OK, we make the same thing, for a second archive file (just an example) k:\franco\test\nz_pippo.zpaq

c:\stor\bin\zpaqfranz a k:\franco\test\nz_pippo.zpaq c:\nz -longpath -key pippo  -fasttxt -big >>c:\stor\result.txt
c:\stor\bin\zpaqfranz i k:\franco\test\nz_pippo.zpaq -key pippo -noeta                         >>c:\stor\result.txt
c:\stor\bin\zpaqfranz t k:\franco\test\nz_pippo.zpaq -key pippo -noeta -big                    >>c:\stor\result.txt

Now we upload everything with --append Only the data changed from the last run will be sended over rsync (on ssh) to the remote Linux box This will usually takes minute

c:\stor\bin\rsync -e "c:\stor\bin\ssh.exe -p 22 -i c:\stor\bin\thekey"  -I -r --append --partial --progress              --chmod=a=rwx,Da+x /k/franco/test/ [email protected]:/home/theuser/copie/test/ >>c:\stor\result.txt

Now we enforce the upload of the *.txt files (forcing to "refresh" the *_crc32.txt) with --checksum

c:\stor\bin\rsync -e "c:\stor\bin\ssh.exe -p 22 -i c:\stor\bin\thekey"  -I -r --include="*.txt" --exclude="*" --checksum --chmod=a=rwx,Da+x /k/franco/test/ [email protected]:/home/theuser/copie/test/ >>c:\stor\result.txt

Now we get the size (of the /home/theuser) folder, and the space free, with the command s BEWARE you may need something like /usr/local/bin/zpaqfranz, it depend on PATH

c:\stor\bin\ssh -p22 -i c:\stor\bin\thekey [email protected] zpaqfranz s /home/theuser          >>c:\stor\result.txt

Run some other remote command, for example ls all things (zpool status, df -h, whatever, just an example)

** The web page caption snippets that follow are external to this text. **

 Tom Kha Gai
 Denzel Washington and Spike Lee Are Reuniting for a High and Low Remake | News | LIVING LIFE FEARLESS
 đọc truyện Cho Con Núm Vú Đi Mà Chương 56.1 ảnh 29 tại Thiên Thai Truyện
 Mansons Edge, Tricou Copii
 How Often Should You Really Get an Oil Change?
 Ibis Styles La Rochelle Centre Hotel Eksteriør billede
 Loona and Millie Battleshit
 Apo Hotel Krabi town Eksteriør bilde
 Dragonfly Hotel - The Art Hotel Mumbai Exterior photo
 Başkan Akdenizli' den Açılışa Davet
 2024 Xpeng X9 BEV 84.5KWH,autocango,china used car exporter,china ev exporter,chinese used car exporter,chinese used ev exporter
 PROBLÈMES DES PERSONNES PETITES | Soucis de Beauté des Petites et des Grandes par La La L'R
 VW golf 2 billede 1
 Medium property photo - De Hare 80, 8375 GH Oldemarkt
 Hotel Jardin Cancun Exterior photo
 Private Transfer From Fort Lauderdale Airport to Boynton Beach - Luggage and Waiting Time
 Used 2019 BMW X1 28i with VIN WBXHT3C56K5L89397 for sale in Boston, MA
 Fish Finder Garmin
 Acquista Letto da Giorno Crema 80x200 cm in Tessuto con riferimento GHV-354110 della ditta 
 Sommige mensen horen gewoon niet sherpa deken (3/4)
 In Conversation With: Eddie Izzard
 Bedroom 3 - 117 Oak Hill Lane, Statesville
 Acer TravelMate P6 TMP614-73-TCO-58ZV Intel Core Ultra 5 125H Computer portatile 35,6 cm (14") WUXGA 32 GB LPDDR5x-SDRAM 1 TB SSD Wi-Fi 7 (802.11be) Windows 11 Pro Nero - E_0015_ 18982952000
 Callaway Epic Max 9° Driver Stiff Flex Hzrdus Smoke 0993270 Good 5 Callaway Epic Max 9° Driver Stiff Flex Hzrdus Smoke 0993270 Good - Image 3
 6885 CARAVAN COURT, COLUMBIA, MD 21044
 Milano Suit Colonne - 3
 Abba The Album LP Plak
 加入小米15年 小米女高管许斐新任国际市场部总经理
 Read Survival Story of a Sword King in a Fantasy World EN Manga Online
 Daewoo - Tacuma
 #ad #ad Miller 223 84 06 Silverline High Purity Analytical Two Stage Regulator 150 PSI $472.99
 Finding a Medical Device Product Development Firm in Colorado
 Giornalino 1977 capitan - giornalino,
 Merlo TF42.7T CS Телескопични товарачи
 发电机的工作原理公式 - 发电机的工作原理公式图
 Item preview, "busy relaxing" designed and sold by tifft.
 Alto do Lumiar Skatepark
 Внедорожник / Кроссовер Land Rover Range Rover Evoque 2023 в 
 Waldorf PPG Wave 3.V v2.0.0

echo --------- >>c:\stor\result.txt
c:\stor\bin\ssh -p22 -i c:\stor\bin\thekey [email protected] ls -l '/home/theuser/copie/test/*' >>c:\stor\result.txt

And now remotely test (by CRC-32) the uploaded *.zpaq, with the _crc32.txt, NO PASSWORD sent

c:\stor\bin\ssh -p22 -i c:\stor\bin\thekey [email protected] zpaqfranz versum '/home/theuser/copie/test/*.zpaq' -fasttxt -noeta -big >>c:\stor\result.txt

Now well'do a very dirty trick, counting the OK in the output log, with grep In this example should be 5 Beware: you need the very latest zpaqfranz here (58.5m+) We make two of them, one for the body, one for the attachment of the email

echo ==================================== >>c:\stor\result.txt
echo ============ COUNT OK    =========== >>c:\stor\result.txt
echo ==================================== >>c:\stor\result.txt
echo 5 >c:\stor\countok.txt
echo 5 >c:\stor\countbody.txt
c:\stor\bin\egrep "#     # ###!" c:\stor\result.txt -c >>c:\stor\countok.txt
c:\stor\bin\egrep "#     # ###!" c:\stor\result.txt -c >>c:\stor\countbody.txt
c:\stor\bin\zpaqfranz last2 c:\stor\countok.txt -big >>c:\stor\result.txt

Pack the report with 7z (reports can become very BIG in case of errors)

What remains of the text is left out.